Optionally, save weights and architecture separately:

model.save_weights('action_weights.h5')
with open('model_architecture.json', 'w') as f:
    f.write(model.to_json())

📝 Note: Using the Saved Model Without Training

If you don’t want to train the model from scratch, you can directly use the pre-trained action.h5 model provided with this project. This means you can skip the entire training process and jump straight into real-time gesture recognition! 🚀

from keras.models import load_model

# Load the pre-trained model
model = load_model('action.h5')
✅ No need for training if you're using the provided model — just load it and start recognizing hand signs in real-time!

Final Thoughts 🎉

You’ve now built a powerful model that learns temporal patterns in hand gestures. Next up, we’ll integrate this model into a real-time system that predicts gestures live from webcam input. 🎥🖐️

Ready to see your model in action? Let’s move on!

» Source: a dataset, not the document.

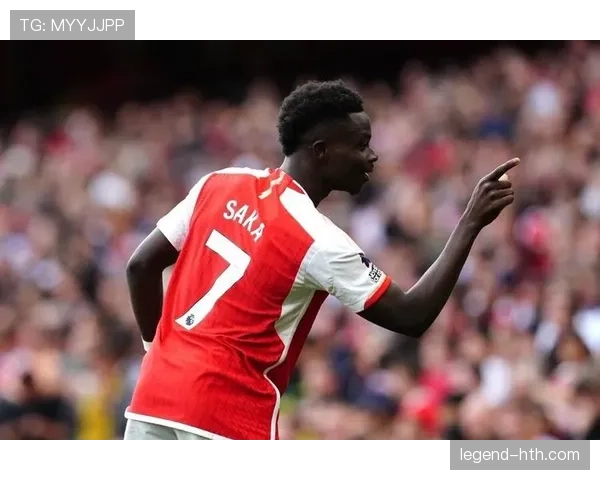 萨卡：谦逊成长缔造英格兰新星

All you need to do now is run the RealtimeTest.ipynb file to see your model in action and making predictions.

🎉 Thank You!

Congratulations on reaching the end of this tutorial series! 🙌 You've gone from raw video data to building a full deep learning model capable of recognizing hand gestures using LSTMs. Whether you're applying this to sign language interpretation, human-computer interaction, or your own creative project—we hope this journey gave you both the skills and confidence to explore further. Thank you for learning with us, and keep building amazing things! 🚀🤖💡